Visibilité et interprétation du coût du SI
L’entreprise a-t-elle une vue
complète sur le coût de son SI ? est-elle en mesure de distinguer les coûts
MOE et MOA, externes et internes, les dépenses d’investissement, de
maintenance et d’exploitation ?
Est-elle en mesure d’établir
un rapport entre le coût et l’efficacité du SI ? d’évaluer sa
rentabilité ?
Discussion :
Il importe de donner aux MOA
les moyens de maîtriser le SI pour le bien de l’entreprise. Nous sommes tous
d’accord pour penser que le monde serait meilleur si les MOA détenaient le
budget du SI
Mais dans l’ensemble, ce sont
plutôt les directions informatiques qui maîtrisent le budget. Il existe
cependant au club au moins une entreprise où la MOA est en mesure d’ouvrir ou
de fermer le robinet financier, même si la DSI tient le grand livre. Dans cette
entreprise, un comité bimestriel peut lancer de nouveaux projets, différer ou
arrêter un projet, sur instruction de la MOA.
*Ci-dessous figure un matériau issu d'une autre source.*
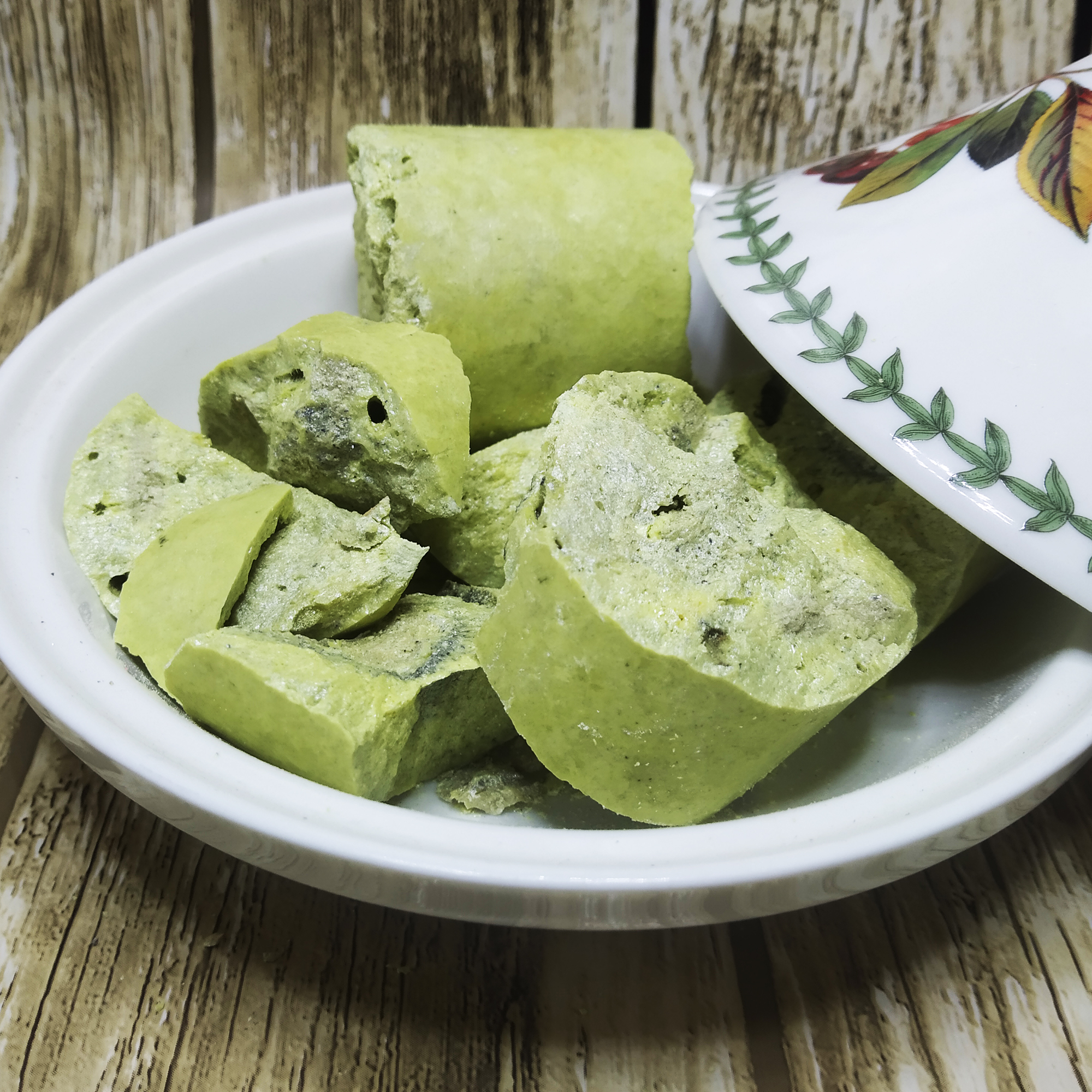 001-v-59 Bright yellow-green sulfur chunks with rough broken faces on a white plate beside a floral-patterned dish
La qualité des reportings tend
à se dégrader en cours de projet : on démarre avec un bon format de
reporting, puis on le remplit de plus en plus mal et il devient inefficace. Le sérieux
du remplissage du reporting est un enjeu pour le suivi du projet.
On a trop tendance à se
focaliser sur le coût des projets nouveaux, alors que la plus grande partie du
coût du SI réside dans les dépenses récurrentes : l’infrastructure,
les réseaux, les serveurs. Ces dépenses récurrentes croissent, mais on ne
sait pas comment les mettre en question. Le budget informatique souffre du
« syndrome du service voté » : la discussion ne porte que sur
une petite partie du budget total.
On observe une différence
entre les organismes publics et les entreprises privées. Ces dernières
accordent une grande importance au résultat d’exploitation, alors que dans le
public l’argent semble « tomber du ciel »…
Lorsqu’une entreprise n’a
plus de développeurs en interne, le forfait serait la meilleure formule pour maîtriser
les fournisseurs : mais si l’entreprise a perdu la maîtrise de ses
techniques (« illettrisme technique »), elle sera tentée
d’acheter les compétences nécessaires en régie, ce qui accroîtra encore sa
dépendance.
Beaucoup de progrès sont à
faire pour évaluer la rentabilité du SI, disposer d’un tableau de bord qui
permette de connaître l’efficacité d’un euro investi en informatique.